[Start of section]

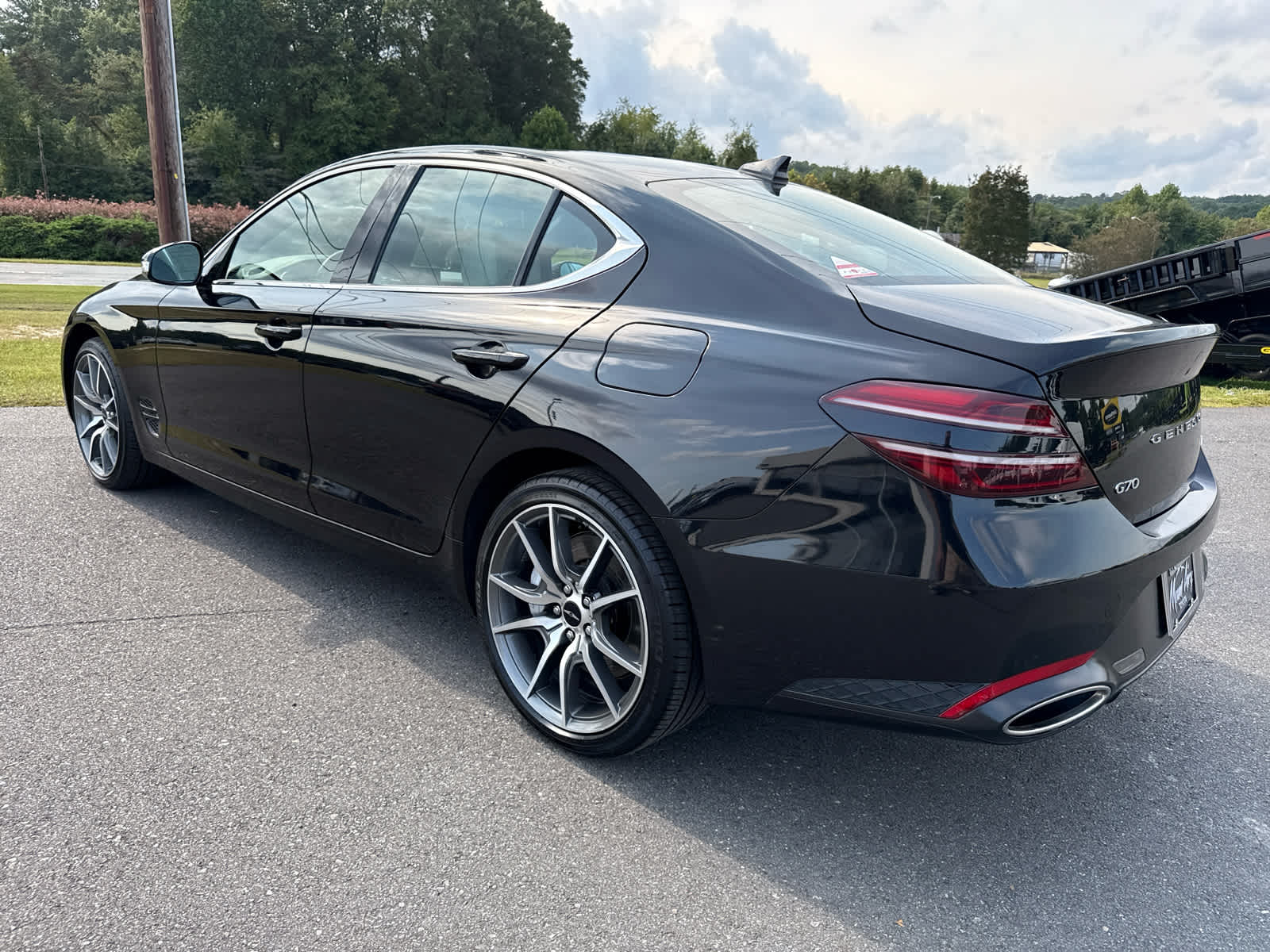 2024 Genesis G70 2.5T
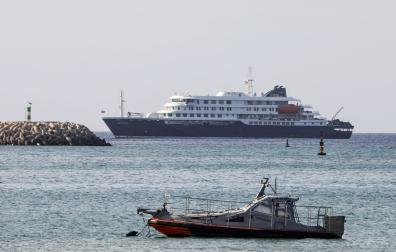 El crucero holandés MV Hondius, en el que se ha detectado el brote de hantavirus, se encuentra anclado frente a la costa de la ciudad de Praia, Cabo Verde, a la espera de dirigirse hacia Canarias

[End of section]
[Start of section]

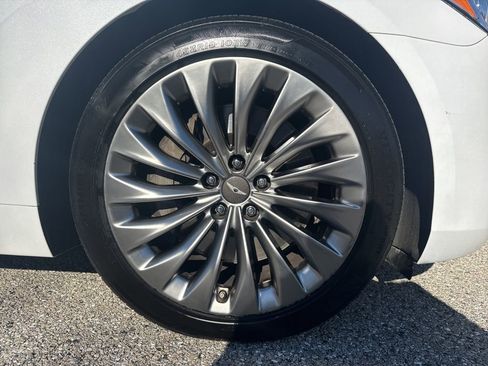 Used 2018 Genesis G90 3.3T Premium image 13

[End of section]

● EXERCISE BRIEF:
Using the entries above, extract exactly the lines from the one that contains "2024 Genesis G70 2.5T" through the one that contains "El crucero holandés". Do not carry over any pictures.

● OUTPUT BELOW:
 2024 Genesis G70 2.5T
 El crucero holandés MV Hondius, en el que se ha detectado el brote de hantavirus, se encuentra anclado frente a la costa de la ciudad de Praia, Cabo Verde, a la espera de dirigirse hacia Canarias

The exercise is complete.